Interleukin-8 Level in Packed Red Blood Cells

The term cytokine was proposed by Stanley Cohen in 1974 and refers to peptides, proteins, and glycoproteins which play a role in controlling the survival/death of cells, their growth and differentiation as well as the effector functions in tissues and immune cells.

The cytokines are small cell-signaling protein molecules with several functions,e.g.: Intracrine, Autocrine and Intercrine actions (1).

They are synthesized by different immune cells, mainly by T cells, neutrophils and macrophages, which are responsible to promote and regulate immune response (i.e. activity, differentiation, proliferation and production of cells and other cytokines) (2).

Cytokines are described as being pro-inflammatory or antiinflammatory, both of which accumulate in blood products during storage mainly as a result of damaged leucocytes. The accumulation of pro-inflammatory cytokines, is regarded as one of the major causative factors For Transfusion-Associated Adverse Reactions (TAARs), particularly Febrile Non-Haemolytic Transfusion Reactions (FNHTRs) and Transfusion-Related Immunomodulation (TRIM). In addition, the transfusion of blood products containing cytokines has been associated with transfusion-induced systemic inflammation in patients with pre-activated endothelial cells (3).

Interleukin-8 (also known as neutrophil-activating peptide 1) is recognized as a potent effector of neutrophil functions. Several different cell types that contact blood, namely T lymphocytes, monocytes, and endothelial cells, secrete this polypeptide following stimulation by cytokines, or lipopolysaccharide (4).

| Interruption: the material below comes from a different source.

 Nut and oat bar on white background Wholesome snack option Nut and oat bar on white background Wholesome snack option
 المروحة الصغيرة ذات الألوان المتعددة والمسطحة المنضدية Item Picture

Interleukin-8 (IL-8), a cytokine with chemotactic and activating properties for neutrophils, has recently been isolated, cloned, and expressed.5 IL-8 is produced by monocytes in response to lipopolysaccharide (LPS), tumor necrosis factor-α (TNF-α), and IL-1;6 and has been implicated in the pathogenesis of acute lung injury. Therefore, we hypothesized that IL-8 may be a mediator of the pathologic events in hemolytic transfusion reaction (HTR), and designed an in vitro model of red blood cell (RBC) incompatibility to investigate the possible role of IL-8 in this setting (5).

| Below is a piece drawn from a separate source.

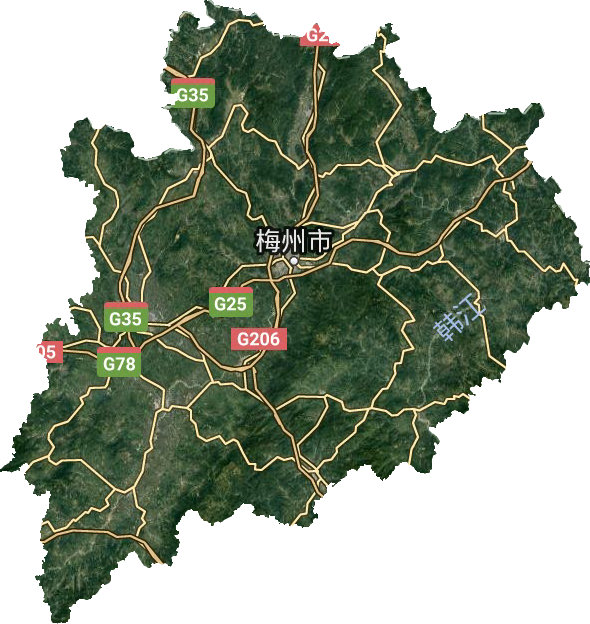 最新梅州城区卫星地图，寻友之旅的温馨起点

Leukoreduction (LR) is a potential means of preventing cytokine production (6).

Thus reducing the white blood cell (WBC) content (leukodepletion) in cellular blood components to a significant level has a direct impact on reducing the incidence of many adverse effects of transfusion-associated with leukocytes and cytokines present in higher levels in non leukodepleted blood component (7).